Purpose: To report the authors' initial experience in treating patients with wide-neck aneurysms with assistance from a recently developed neck-bridge device (TriSpan; Target Therapeutics/Boston Scientific, Fremont, Calif).
Materials and methods: Twenty-five patients were examined. Aneurysms were most frequently at the basilar bifurcation (n = 19). Sixteen aneurysms were treated electively: six aneurysms that recurred after coil-only embolization and 10 nontreated aneurysms (including four that had failed coil-only embolization). Nine aneurysms were treated acutely following subarachnoid hemorrhage. All lesions except one had a wide neck. A dual-catheter technique was used in 23 patients. Immediate angiographic results, technical incidents, and complications were recorded. Follow-up angiography was performed in 16 patients. Clinical follow-up ranged from 1 to 12 months.

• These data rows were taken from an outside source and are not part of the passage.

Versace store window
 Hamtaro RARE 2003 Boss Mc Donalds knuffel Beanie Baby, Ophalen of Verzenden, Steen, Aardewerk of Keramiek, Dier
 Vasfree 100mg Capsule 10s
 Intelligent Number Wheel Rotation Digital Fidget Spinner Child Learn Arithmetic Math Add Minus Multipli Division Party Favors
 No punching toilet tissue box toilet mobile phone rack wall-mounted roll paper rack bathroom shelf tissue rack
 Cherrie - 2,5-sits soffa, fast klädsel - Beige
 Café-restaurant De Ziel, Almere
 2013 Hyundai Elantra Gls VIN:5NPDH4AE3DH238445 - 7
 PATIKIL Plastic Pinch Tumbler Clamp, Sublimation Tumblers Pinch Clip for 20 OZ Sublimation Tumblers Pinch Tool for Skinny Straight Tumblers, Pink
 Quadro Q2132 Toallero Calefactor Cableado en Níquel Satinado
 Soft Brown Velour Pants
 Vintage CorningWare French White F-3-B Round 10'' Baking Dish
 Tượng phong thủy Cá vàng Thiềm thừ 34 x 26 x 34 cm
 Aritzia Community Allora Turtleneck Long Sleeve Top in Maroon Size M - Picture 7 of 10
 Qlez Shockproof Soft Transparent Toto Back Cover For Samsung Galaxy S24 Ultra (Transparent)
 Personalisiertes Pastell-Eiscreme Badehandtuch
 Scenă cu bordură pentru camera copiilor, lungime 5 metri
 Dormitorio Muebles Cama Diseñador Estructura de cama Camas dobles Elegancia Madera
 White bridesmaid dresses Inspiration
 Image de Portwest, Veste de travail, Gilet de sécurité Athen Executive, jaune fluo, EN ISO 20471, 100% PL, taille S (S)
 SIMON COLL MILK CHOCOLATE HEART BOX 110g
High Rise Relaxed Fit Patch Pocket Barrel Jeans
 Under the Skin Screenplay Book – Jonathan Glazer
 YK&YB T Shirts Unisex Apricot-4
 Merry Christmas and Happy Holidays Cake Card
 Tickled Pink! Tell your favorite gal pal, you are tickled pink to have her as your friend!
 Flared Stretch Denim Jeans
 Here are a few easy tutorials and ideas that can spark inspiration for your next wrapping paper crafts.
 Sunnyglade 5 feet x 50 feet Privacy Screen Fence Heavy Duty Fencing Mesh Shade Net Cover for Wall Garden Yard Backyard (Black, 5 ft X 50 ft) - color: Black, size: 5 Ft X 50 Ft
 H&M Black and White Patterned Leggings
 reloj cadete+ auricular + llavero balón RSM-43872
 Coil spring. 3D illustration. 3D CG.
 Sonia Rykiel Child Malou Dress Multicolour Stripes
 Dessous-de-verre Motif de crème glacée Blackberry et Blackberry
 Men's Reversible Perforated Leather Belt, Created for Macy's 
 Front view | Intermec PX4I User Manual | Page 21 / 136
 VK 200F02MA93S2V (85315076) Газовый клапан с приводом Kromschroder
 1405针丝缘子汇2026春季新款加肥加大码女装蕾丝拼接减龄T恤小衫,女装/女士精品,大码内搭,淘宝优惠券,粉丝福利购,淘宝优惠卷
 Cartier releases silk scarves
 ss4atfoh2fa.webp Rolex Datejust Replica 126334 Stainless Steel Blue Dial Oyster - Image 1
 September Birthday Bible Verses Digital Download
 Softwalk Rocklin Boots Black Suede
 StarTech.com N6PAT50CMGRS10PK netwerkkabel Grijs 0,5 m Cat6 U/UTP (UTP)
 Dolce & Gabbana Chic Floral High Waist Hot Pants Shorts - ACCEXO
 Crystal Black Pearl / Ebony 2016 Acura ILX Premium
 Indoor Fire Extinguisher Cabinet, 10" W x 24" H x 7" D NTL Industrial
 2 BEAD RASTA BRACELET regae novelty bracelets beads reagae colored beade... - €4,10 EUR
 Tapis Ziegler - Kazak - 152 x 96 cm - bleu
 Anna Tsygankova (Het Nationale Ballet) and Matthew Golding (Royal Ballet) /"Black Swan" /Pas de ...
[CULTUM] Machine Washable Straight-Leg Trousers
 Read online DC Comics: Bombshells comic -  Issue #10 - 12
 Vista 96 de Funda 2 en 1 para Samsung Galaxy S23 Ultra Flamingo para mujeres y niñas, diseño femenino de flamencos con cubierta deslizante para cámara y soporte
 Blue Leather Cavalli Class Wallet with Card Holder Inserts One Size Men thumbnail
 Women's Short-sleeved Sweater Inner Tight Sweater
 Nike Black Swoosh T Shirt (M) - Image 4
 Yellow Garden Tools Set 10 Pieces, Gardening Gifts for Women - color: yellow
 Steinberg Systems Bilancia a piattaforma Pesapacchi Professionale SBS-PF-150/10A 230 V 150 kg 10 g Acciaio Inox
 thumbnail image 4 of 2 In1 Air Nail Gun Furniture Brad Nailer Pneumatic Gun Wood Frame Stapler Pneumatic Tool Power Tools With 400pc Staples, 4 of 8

Results: Neck-bridge device-assisted coil packing was successfully performed in 23 lesions, with complete obliteration in three, residual necks in 13, and a minimal residual sac in seven patients. Parent vessel protection failed, with coil protrusion and arterial occlusion, in one of these patients. Other complications that were not directly related to use of the neck-bridge device included retroperitoneal hematoma, rebleeding, coil perforation, and transient embolic arterial occlusion. One patient died of vasospasm and heart failure. Follow-up angiography revealed complete obliteration in four, a residual neck in one, a persistent residual sac in four, and recurrent aneurysm in seven patients. One patient had a small occipital infarction 5 weeks after treatment.
Conclusion: The described neck-bridge device is useful for assisting coil embolization of wide-neck bifurcation aneurysms.